Sindacati: “Cresce un clima di pericolo intollerabile”
I rappresentanti delle sigle Usb e Orsa Tpl, Michele Frullo e Fulvio Spelonca, hanno espresso forte allarme dopo quanto accaduto a Fidene. In una nota congiunta, i due sindacalisti hanno ricordato che si tratta solo dell’ultimo episodio di una serie ormai frequente, citando i recenti lanci di sassi contro gli autobus in transito su via Luigi Candoni e un’altra aggressione registrata al capolinea della linea 14, nella zona del Quarticciolo.
«La situazione sta degenerando», sottolineano Frullo e Spelonca, chiedendo interventi urgenti per garantire maggiore protezione ai dipendenti Atac. Le organizzazioni dei lavoratori hanno inoltrato una lettera ad Atac e al Comune di Roma per sollecitare la costituzione di parte civile in caso di processo e la riapertura di un tavolo con la prefettura, con l’obiettivo di definire misure concrete per il contrasto alle aggressioni.

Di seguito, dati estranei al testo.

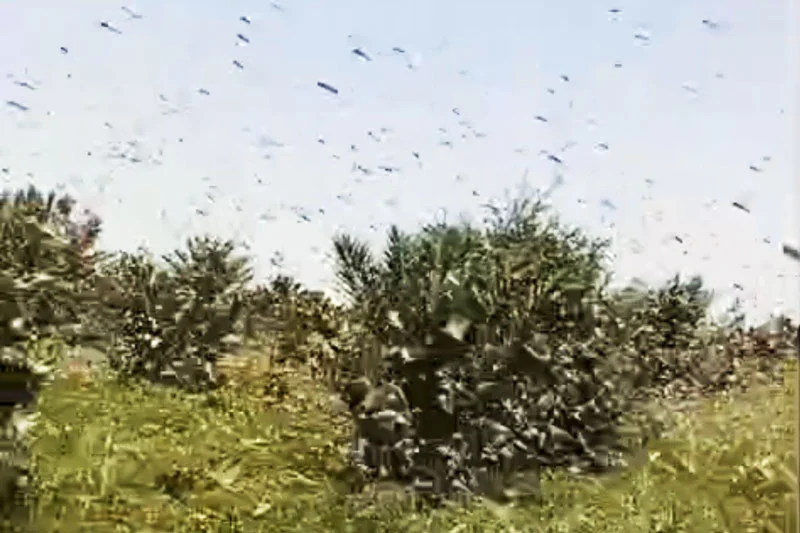 ظهور الجراد في سماء إقليم وجدة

Richiesta di più tutele e sicurezza sul lavoro
Per i sindacati, l’attuale scenario rappresenta un livello di rischio non più accettabile. Gli autisti – spiegano – svolgono un servizio essenziale e non dovrebbero essere esposti a episodi di violenza durante il turno o al termine della giornata. «I lavoratori del trasporto pubblico locale hanno diritto a rientrare a casa incolumi», ribadiscono.